We could add a non-standard template parameter to std::condition_variable to indicate the clock to be specified when creating the underlying POSIX condition variable. This would result in code like:

std::condition_variable<std::chrono::steady_clock> cv;
//...
cv.wait_for(std::chrono::seconds(10));

This allows us to specify the __clock_t that all other clocks are converted to for each condition variable.

This could be made to work (with the required gthreads changes), but requires clients to modify their code to make it work properly. We could consider combining this with the previous solution to make the default for __clock_t be std::chrono::steady_clock, but allowing the calling code to choose std::chrono::system_clock if they desired so. This isn't pretty though, and means that it's not possible to tell purely from the code performing the wait whether it is susceptible to waiting for the wrong time when the system clock changes.

Add a non-standard constructor parameter

This was suggested in the response to "DR 887". I think that the previous solution is better since in C++ a clock is a type and not a value and it's clearer to provide a C++ clock such as std::chrono::steady_clock than a POSIX clockid_t like CLOCK_MONOTONIC.

Invent a new pthreads function

There's no reason why glibc couldn't provide a function that accepts a parameter to indicate the clock to use for the wait:

int pthread_cond_timedwaitonclock_np (pthread_cond_t *cond, pthread_mutex_t *mutex,
                                      clockid_t clockid, const struct timespec *abstime);

This function ignores any clock specified at the time the condition variable was created and uses the one from the clockid parameter instead.

I've been trying to get such a change into glibc for several years, but have so far failed to do so. The current opinion on the glibc mailing list appears to be that we need to get the Austin Group4 to agree to adding the new function.

Reimplement std::condition_variable on top of futex(2)

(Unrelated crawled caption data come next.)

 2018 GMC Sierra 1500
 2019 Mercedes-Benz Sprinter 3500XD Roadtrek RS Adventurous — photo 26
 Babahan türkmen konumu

libstdc++ already implements something similar to a condition variable inside its implementation of std::future using the Linux-specific futex(2) system call. The same could be done for std::condition_variable (although some care would need to be taken to avoid a dependency cycle since std::future can also fall back to using std::condition_variable.)

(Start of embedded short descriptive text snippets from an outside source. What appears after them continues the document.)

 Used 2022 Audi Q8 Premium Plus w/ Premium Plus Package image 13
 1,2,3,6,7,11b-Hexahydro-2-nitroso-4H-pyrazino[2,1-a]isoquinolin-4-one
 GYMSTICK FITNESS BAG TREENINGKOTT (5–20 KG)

This would mean quite a risky change that could affect the behaviour of existing programs.

Related problems

This problem doesn't just affect std::condition_variable.

std::timed_mutex

std::timed_mutex::try_lock_for and std::timed_mutex::try_lock_until suffer from exactly the same problem. However, POSIX does not provide any way to wait on a mutex using CLOCK_MONOTONIC. Inventing pthread_mutex_timedlockonclock_np would be a potential fix for that.

std::future

std::future::wait_for and std::future::wait_until also suffer from the same problem. The underlying implementation on modern Linux systems uses futex(2) directly so, unlike the above, this can be fixed entirely within libstdc++ when the correct method can be agreed upon.

What next?

Good question. I have failed in my attempts to get either my pthread_timedwaitonclock_np or std::future patches accepted. I've even failed to get the related self-contained std::future fix in. By writing this blog post I aim to raise awareness in the hope that someone reading it will review my patches and help me to get them accepted.

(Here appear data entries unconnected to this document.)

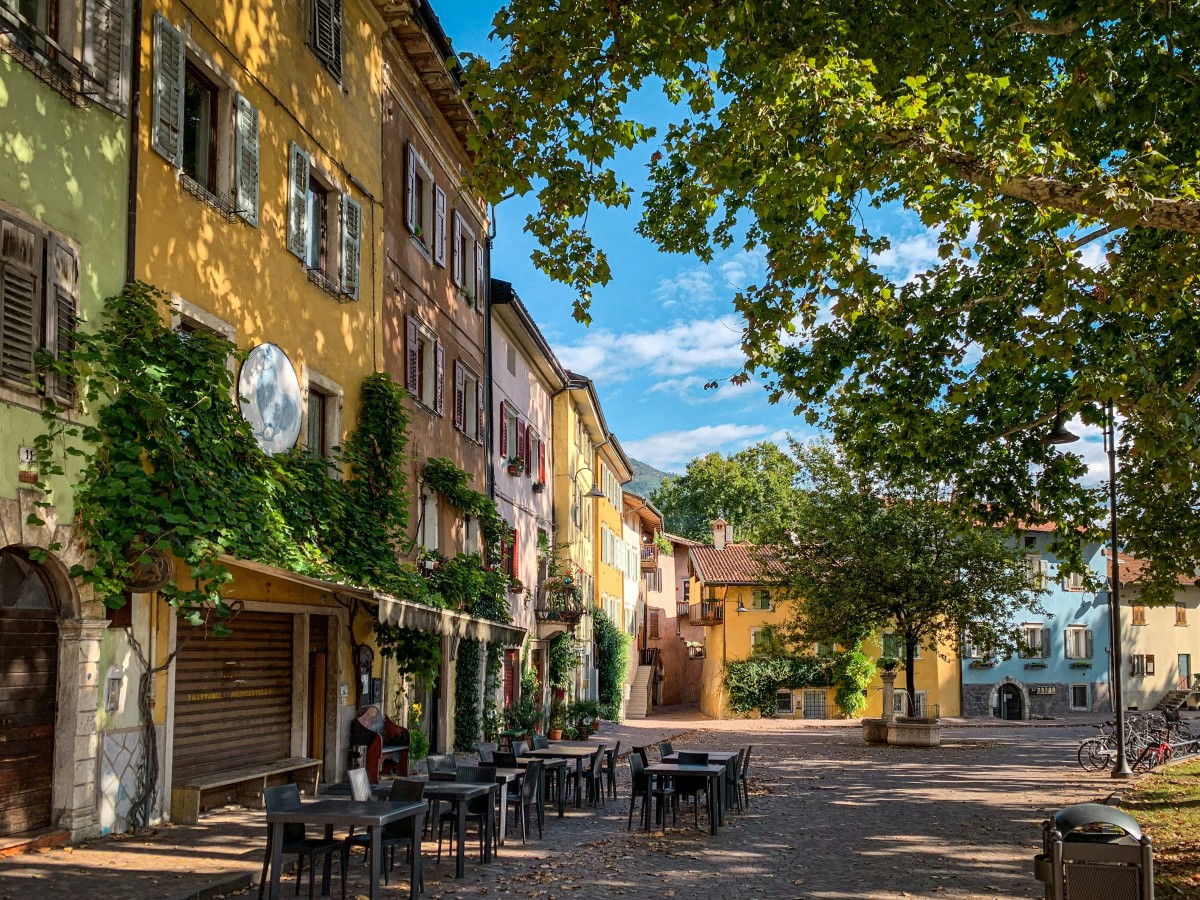 où vivre en italie sans parler italien ?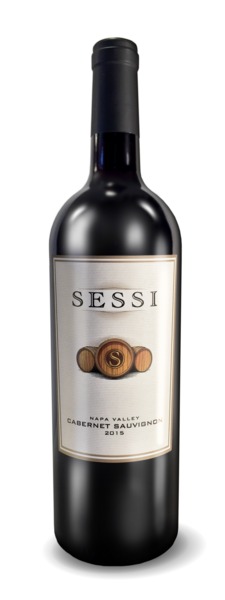 2015 Sessi Napa Cabernet Sauvignon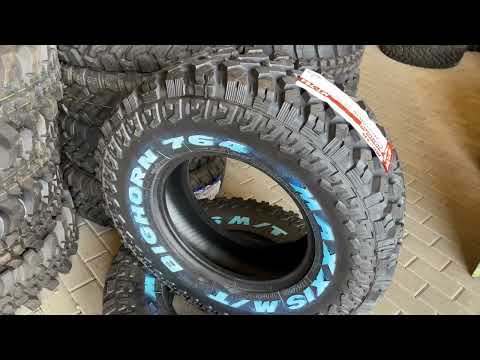 Anvelopa 265/75 R16 Maxxis MT-764 112N Bighorn M+S Mud-Terrain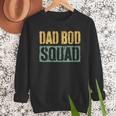 Dad Bod Squad Shirt Men Fathers Day Men Sweatshirt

  1. In fact, about twenty years ago my desktop screen would go blank each time I dialled my ISP because doing so automatically ran ntpdate to correct my clock. Back then the kernel's screensaver timeout was implemented using the system clock rather than a monotonic clock.

  2. Well, "relatively" for anyone who has been fighting with this problem for as long as I have, anyway.

  3. In fact, I submitted this change after I wrote this blog post, and it was accepted.

  4. The people in charge of the POSIX standard.